Despite tens of thousands of Muslim men being forced to register, Chris Rickerd, a representative of ACLU Washington’s Legislative Office, observed that not a single terrorist incident had been prevented by the program.
“The failed NSEERS program has rightly been suspended at long last, but not before it inflicted misery upon tens of thousands and weakened the United States’ commitment to the principles of equality and due process,” Rickerd noted in 2011 on the ACLU’s website.
Despite the apparent ineffectiveness of the program and Obama’s efforts to dismantle it, it is still possible that it could be resurrected in the future, as the Independent’s Ben Kentish noted on Dec. 23.
“Kris Kobach, the Kansas Secretary of State who is an adviser to Mr Trump and has been tipped for a job in the incoming administration, suggested [Trump’s Muslim registry] could be enacted by bringing back the NSEERS system the Obama team are now scrapping,” Kentish reported.
Jameel Jaffer, director of the Knight First Amendment Institute at Columbia University, praised Obama’s decision to end NSEERS in an interview on Wednesday with Democracy Now!

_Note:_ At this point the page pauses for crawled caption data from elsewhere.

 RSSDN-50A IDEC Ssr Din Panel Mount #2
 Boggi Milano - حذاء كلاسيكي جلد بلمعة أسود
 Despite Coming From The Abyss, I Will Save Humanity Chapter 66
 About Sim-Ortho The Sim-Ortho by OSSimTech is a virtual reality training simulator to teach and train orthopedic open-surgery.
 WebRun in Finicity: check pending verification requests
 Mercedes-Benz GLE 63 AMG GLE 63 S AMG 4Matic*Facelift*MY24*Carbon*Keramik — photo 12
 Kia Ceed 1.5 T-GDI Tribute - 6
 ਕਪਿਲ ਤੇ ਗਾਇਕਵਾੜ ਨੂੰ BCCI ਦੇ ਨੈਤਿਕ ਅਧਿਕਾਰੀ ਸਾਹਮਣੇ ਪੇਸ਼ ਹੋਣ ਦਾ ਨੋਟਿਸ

He also suggested Trump would face stiff resistance if he tried to revive the program.
“I think that if he does resurrect it, he will face serious resistance, you know, in the courts,” he said, adding:
“I think that a registry that is directed at members of one religion, whether it’s directed at that religion expressly or just implicitly, will face constitutional scrutiny. And I think that I would be surprised if organizations like the ACLU and the Center for Constitutional Rights didn’t walk into court on day one and challenge that kind of thing.”
Even without NSEERS, though, Trump stands to inherit an expansive surveillance state, the powers of which expanded dramatically under Obama. In one recent development, non-citizens entering the United States are now asked to share their social media accounts with border officials. Jaffer suggested the program, which is currently voluntary, was unlikely to stop terrorists but could have a chilling effect on the freedom of speech of innocent people around the world.
“Somebody who thinks about criticizing American foreign policy in a tweet may now hesitate before doing it,” Jaffer said.
Trump’s transition team has already shown a particular interest in government programs designed to counter so-called “violent extremism,” by demanding to know the names of all officials involved. These programs have frequently been used against innocent Muslims and Muslim communities.
And whether or not Trump keeps his promises to target Muslims, the president-elect will have terrifying, largely unchecked surveillance powers which he could potentially use to track minorities or suppress dissenting voices in America.